Demerara 1975 always sounds like Port Mourant, don’t you think!? Nevertheless, these two old Cadenhead’s Green Label series bottlings might be blends from different Guyanese stills but I am not sure. But as we will see, they inevitably make you think of Port Mourant anyway…
Cadenhead’s Demerara 1975 30YO (40,5%): Nose: Very deep and rich, especially at what is basically 40%. I actually don’t know if this is a blend of several styles but Port Mourant is very obvious (I don’t think there has ever been another Guyanese rum not from the Port Mourant still from that year). The anise note is just so typical. On top of that I get other spices, chamomile, wood, liquorice, molasses, stale black tea, antique furniture and tobacco. Again, how often is it that 40% are this aromatic!? Excellent! Palate: Quite a bit woodier than the nose suggested but not to the extent that it killed the rum. The texture is incredibly thick and creamy and it doesn’t feel like some ‘watts’ are missing here. Magnificent, really. Rich wood, a spice mix, dark berries, caramel, glowing tobacco, mahogany, gorp, slightly sulphate-y notes and old toothpaste are my major impressions. Finish: Super long with spices, different woods, walnut oil, orange zest and burnt sugar. It’s amazing how long you can enjoy a single sip. I don’t think <50% have ever been better than this. It actually has plenty of similarities to the recent 1954 Navy blends but this is quite a bit better even if you ask me. (87/100)

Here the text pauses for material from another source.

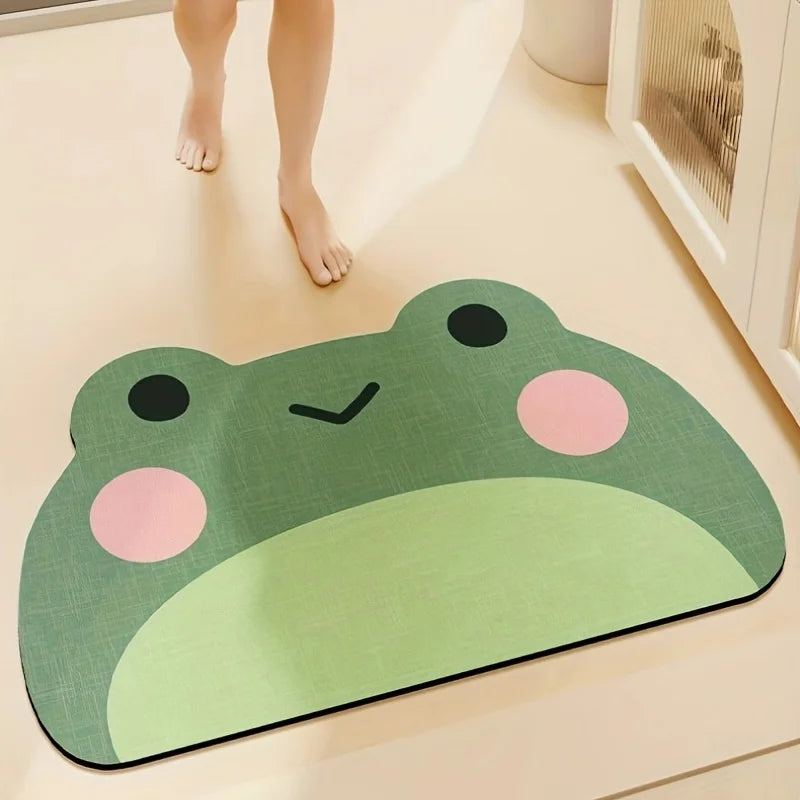 Person standing on a frog shaped bathroom floor mat in a home setting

Cadenhead’s Demerara 1975 32YO (40,6%): Nose: Just like with the 30YO, it is tough to believe how intense 40% can be. In direct comparison it is a bit less dusty and musty, i.e. it comes with less of the antique furniture. Besides that, the profile is very similar. Relatively speaking, we might add some red berries, take away the chamomile and increase the intensity a wee bit (i.e. slightly less wood, some more fruity elements) but distinguishing the two rums based on the nose alone is tougher than I’d like to admit. Palate: It is as creamy as the other one, extremely intense but not overly complex. Still, it is interesting enough to spend a whole evening with just a single dram. Different woods, red fruits, cold fruit tea, rosehip, dark caramel, tobacco, latte macchiato and way less bitter notes than you might expect. Interestingly, the spices are a bit tuned down here. Finish: Very long and rich with wood, walnut, Angostura bitters, dry plums and old sultana. The nose was better with this one, the palate and finish with the other. I’ll give them the same grade but the 30YO left a slightly better overall impression with me. (87/100)
These rums may actually be cask strength (dilution in the barrel, you know). Given the thick mouthfeel and creamy texture that would make a lot of sense at least.